MultiQC is a visualization tool that generates a single HTML report summarising all samples in your project. Most of the pipeline QC results are visualised in the report and further statistics are available in the report data directory.

Results generated by MultiQC collate pipeline QC from supported tools e.g.
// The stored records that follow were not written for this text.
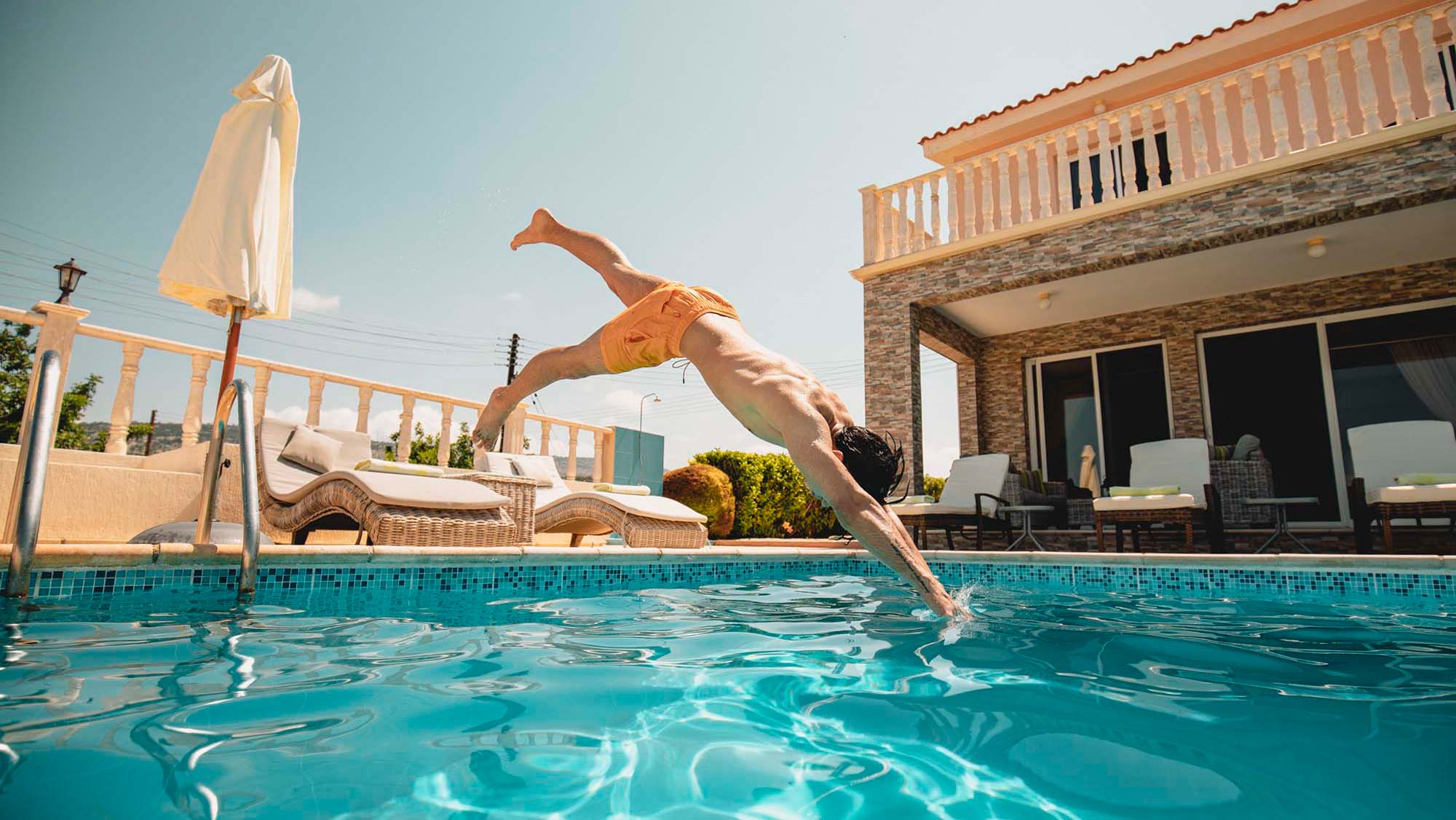 Kille som dyker ner i en pool på Cypern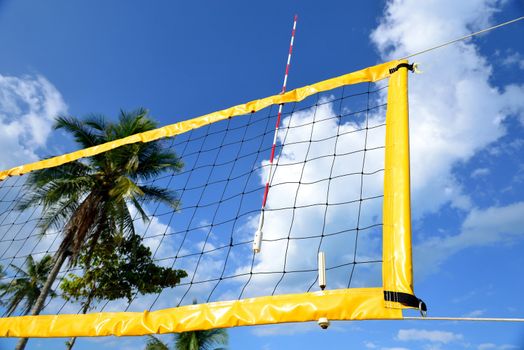 The net of beach volleyball have blue sky to be background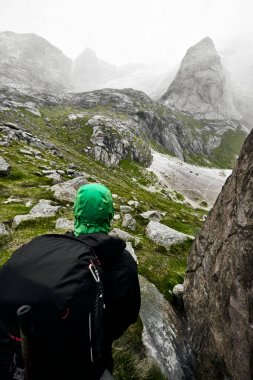 Norveç Lofoten Adası'nda dağlarda oturan bir yürüyüş adam arkasından görünümü. Dağlar kayalar ve yeşil otlarla kaplıdır. Sis ve bulutlarla yağmurlu bir gün..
FastQC. The pipeline has special steps which also allow the software versions to be reported in the MultiQC output for future traceability. For more information about how to use MultiQC reports, see http://multiqc.info.

Pipeline information

Output files
  • pipeline_info/
    • Reports generated by Nextflow: execution_report.html, execution_timeline.html, execution_trace.txt and pipeline_dag.dot/pipeline_dag.svg.
    • Reports generated by the pipeline: pipeline_report.html, pipeline_report.txt and software_versions.yml. The pipeline_report* files will only be present if the --email / --email_on_fail parameter is used when running the pipeline.
    • Reformatted samplesheet files used as input to the pipeline: samplesheet.valid.csv.
    • Parameters used by the pipeline run: params.json.

Nextflow provides excellent functionality for generating various reports relevant to the running and execution of the pipeline. This will allow you to troubleshoot errors with the running of the pipeline, and also provide you with other information such as launch commands, run times and resource usage.